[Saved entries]
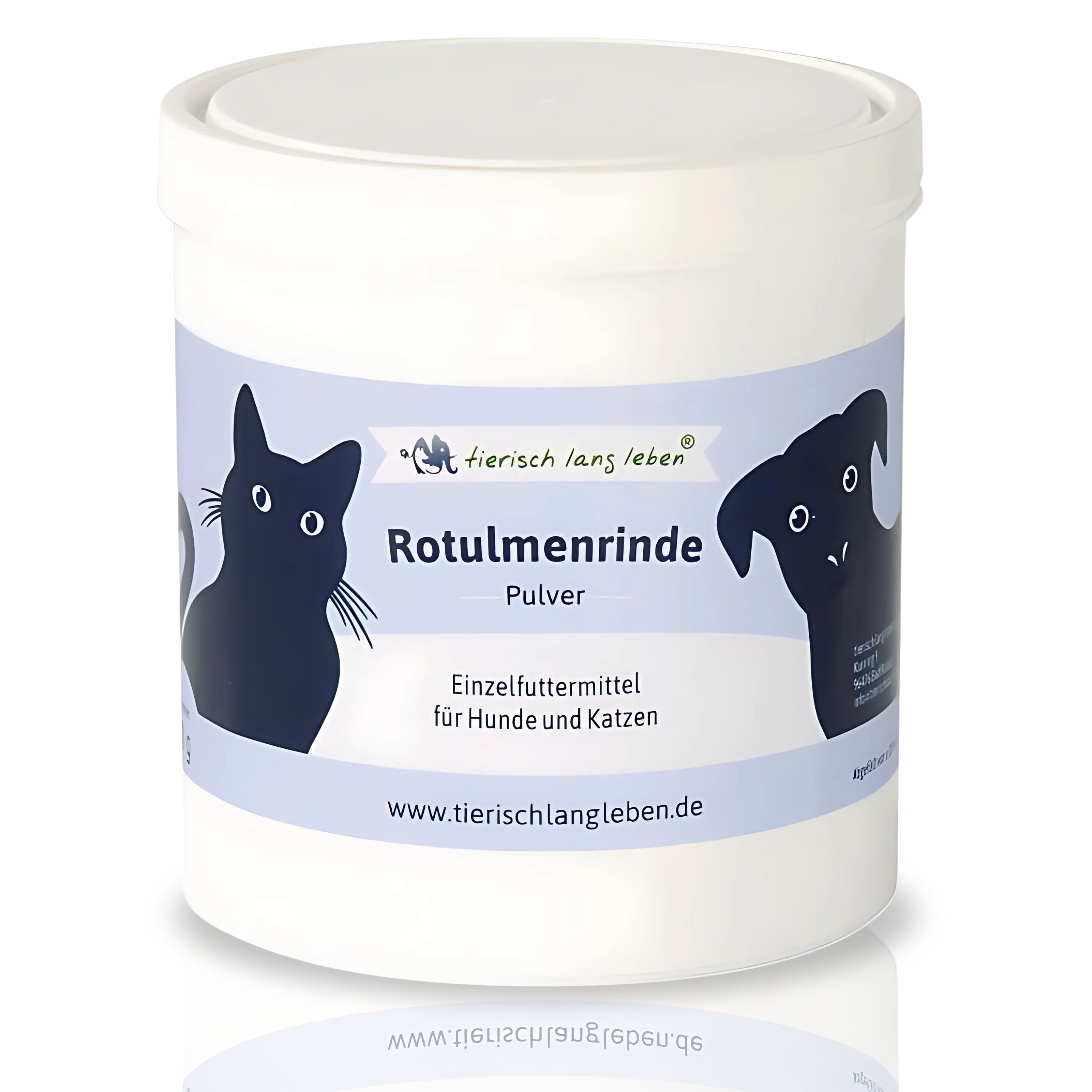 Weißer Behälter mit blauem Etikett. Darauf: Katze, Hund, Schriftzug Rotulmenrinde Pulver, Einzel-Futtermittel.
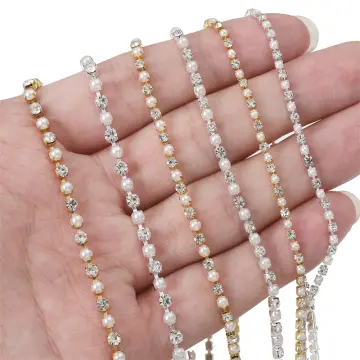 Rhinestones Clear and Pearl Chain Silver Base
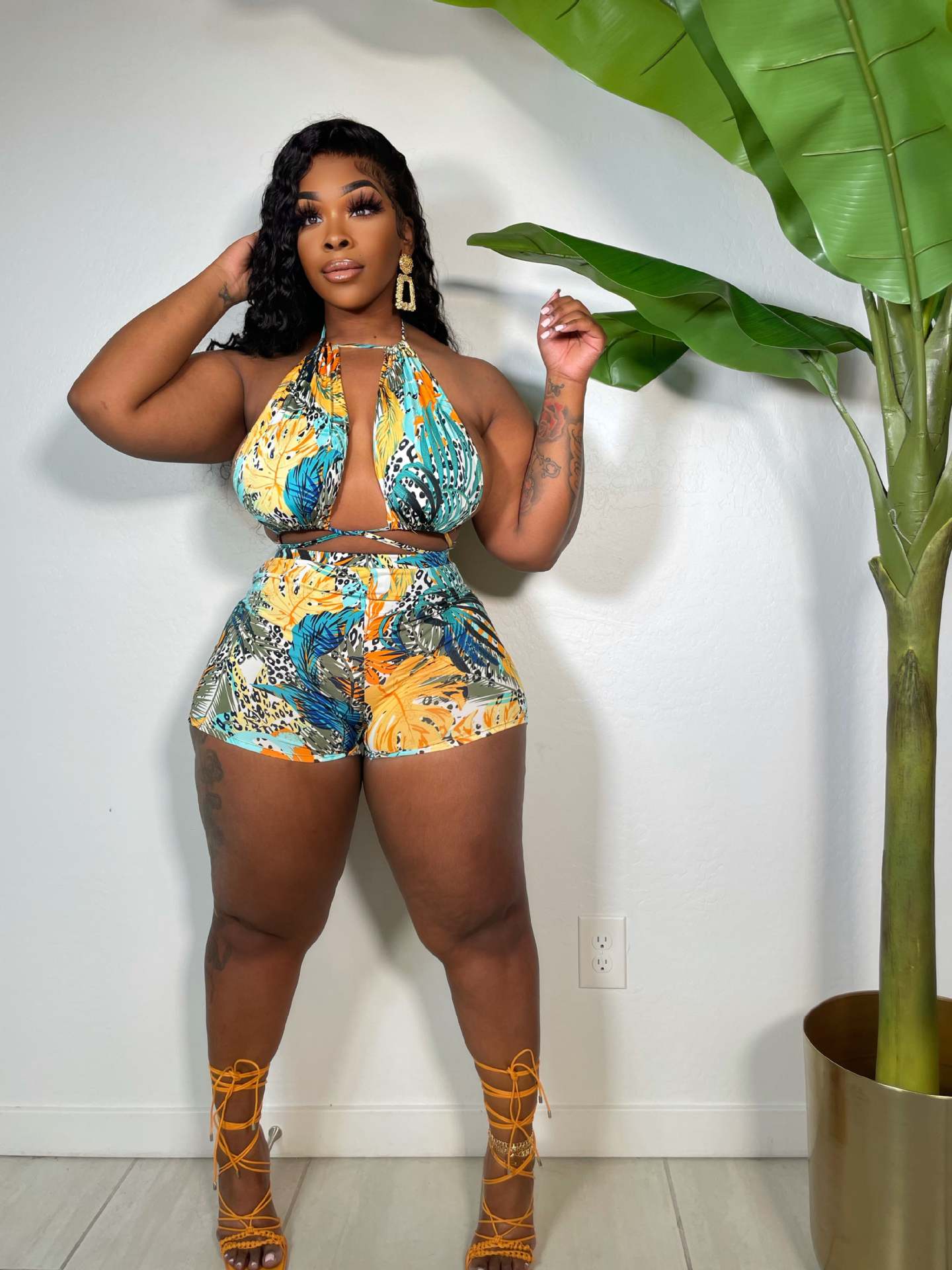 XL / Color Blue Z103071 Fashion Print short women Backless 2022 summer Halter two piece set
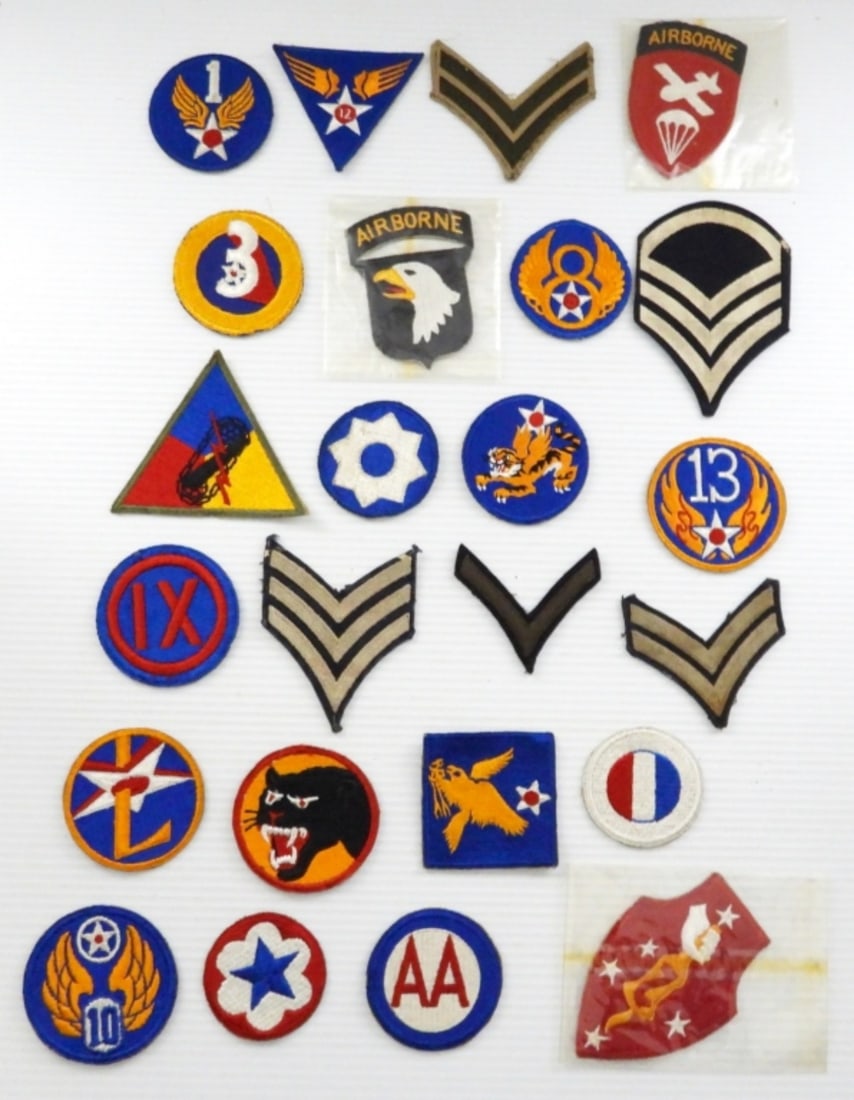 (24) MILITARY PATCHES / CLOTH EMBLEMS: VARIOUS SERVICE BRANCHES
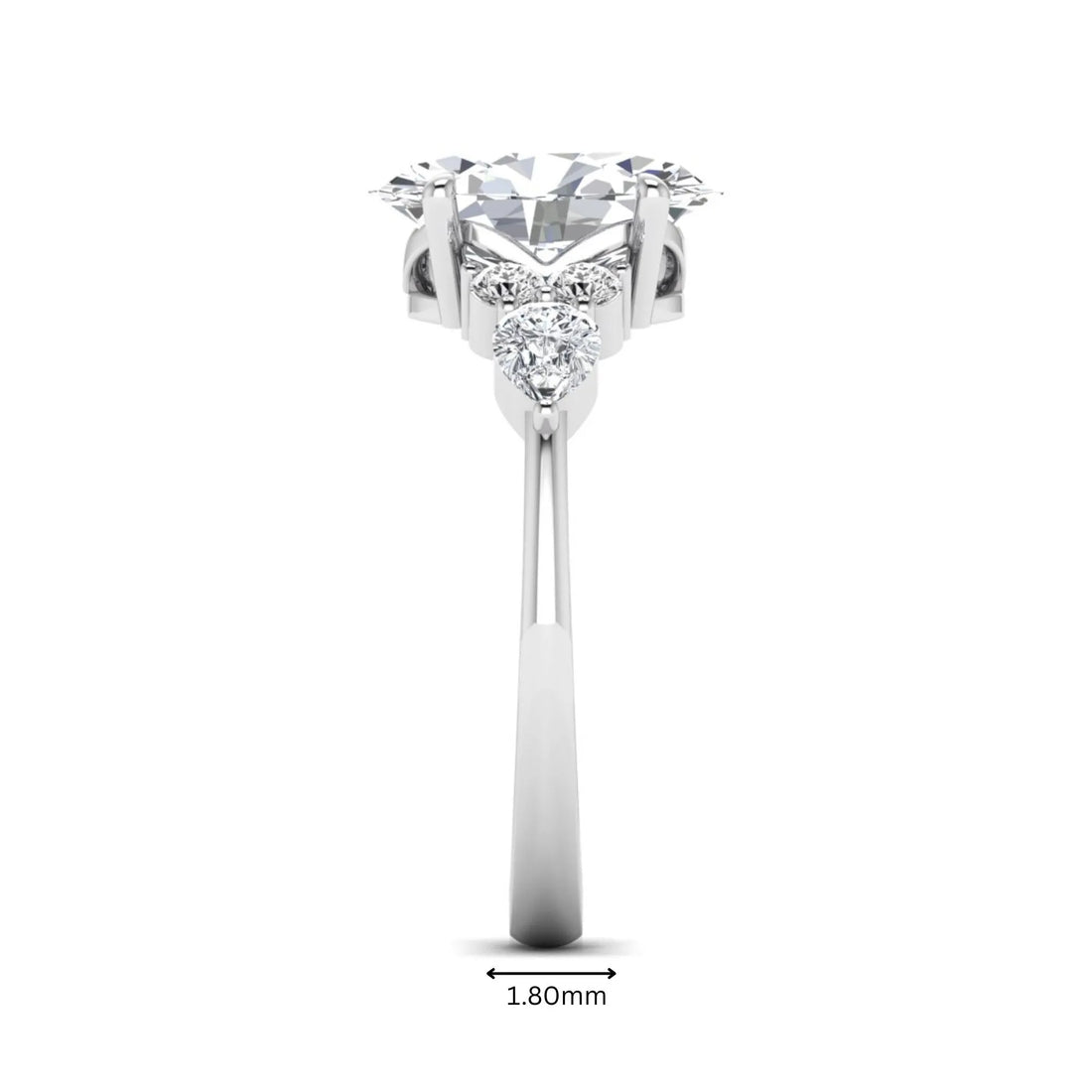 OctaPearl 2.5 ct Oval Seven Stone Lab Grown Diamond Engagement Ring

Description of the task:
Skip every picture and transcribe the data above exactly.

Task answer:
 Weißer Behälter mit blauem Etikett. Darauf: Katze, Hund, Schriftzug Rotulmenrinde Pulver, Einzel-Futtermittel.
 Rhinestones Clear and Pearl Chain Silver Base
 XL / Color Blue Z103071 Fashion Print short women Backless 2022 summer Halter two piece set
 (24) MILITARY PATCHES / CLOTH EMBLEMS: VARIOUS SERVICE BRANCHES
 OctaPearl 2.5 ct Oval Seven Stone Lab Grown Diamond Engagement Ring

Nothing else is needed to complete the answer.